TWELVE people were finishing their introductory cups of coffee yesterday afternoon, when I stood up to address them. I got everyone’s attention, except the baby’s. It was affixed to its mother’s chest. The baby uttered so deep a bored sigh that it expelled its soother and went into a brief, but impassioned bereavement.
“The Martello towers of Britain and Ireland,” I began, “were arguably the most costly mistake ever made by the British government. Seventy eight of them were built around the south and east coasts of Britain and Ireland, all within a five-year period, to defend against the possibility of maritime invasion by Napoleon. In the event, Napoleon never came, because he was a bit preoccupied in Russia. This particular tower was completed in 1806, making it two hundred and ten years old.” This tower is also my home.
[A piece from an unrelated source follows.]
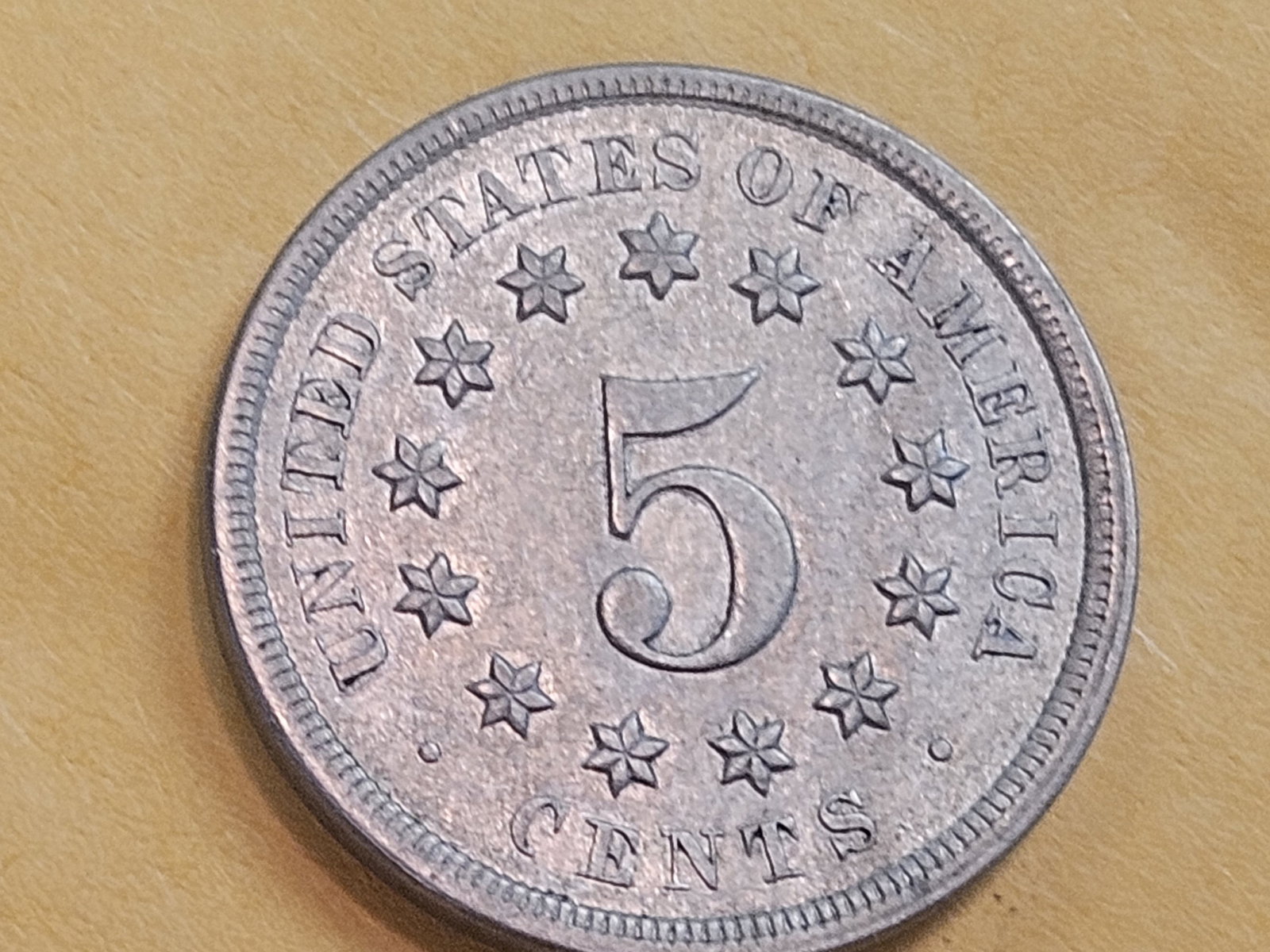 VARIETY! 1868 DDO Shield Nickel in About Uncirculated PLUS PLUS! - 13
At this point in the tour, organised as part of National Heritage Week, visitors usually nod silently. Yesterday, one of them asked me how old I was. I was so surprised, I told her. She looked disappointed. The rest of the tour looked sympathetic. I couldn’t figure out whether they were sympathetic to me having to fess up my age, or were sympathetic because they know, in their hearts, I’m nearly as old as the tower.
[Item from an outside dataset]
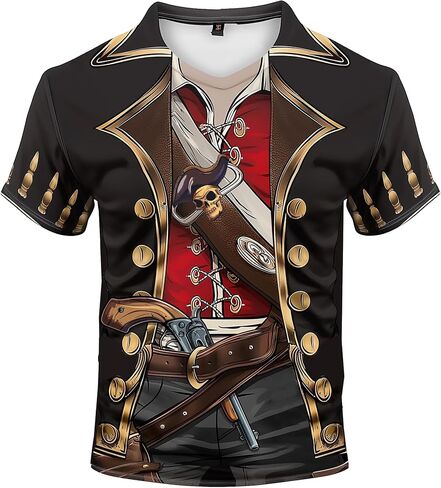 Pirate Costume T-Shirt 3D Pattern Men Women Boys Girls Activities Lightweight Soft Fast Drying Beach Gala Party in Saudi Arabia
That’s the thing about owning an old house and opening it to visitors for the eight-day week that is the Heritage Council’s effort to make us love the built sections of our country: you never know what you’re going to be asked.
If you make a reference to a war, you live in dread that some amateur military historian will want to know whether it was the Thirty Years War or the Hundred Years War. If you mention the regulations you have to follow to make an old building liveable, you get scared someone will ask you about the statutory powers (if any) of An Taisce. If you mention the wood pigeons that used to inhabit the matchicolation of the tower, there’s a worry they might query their absence, and that they might blame our two cats.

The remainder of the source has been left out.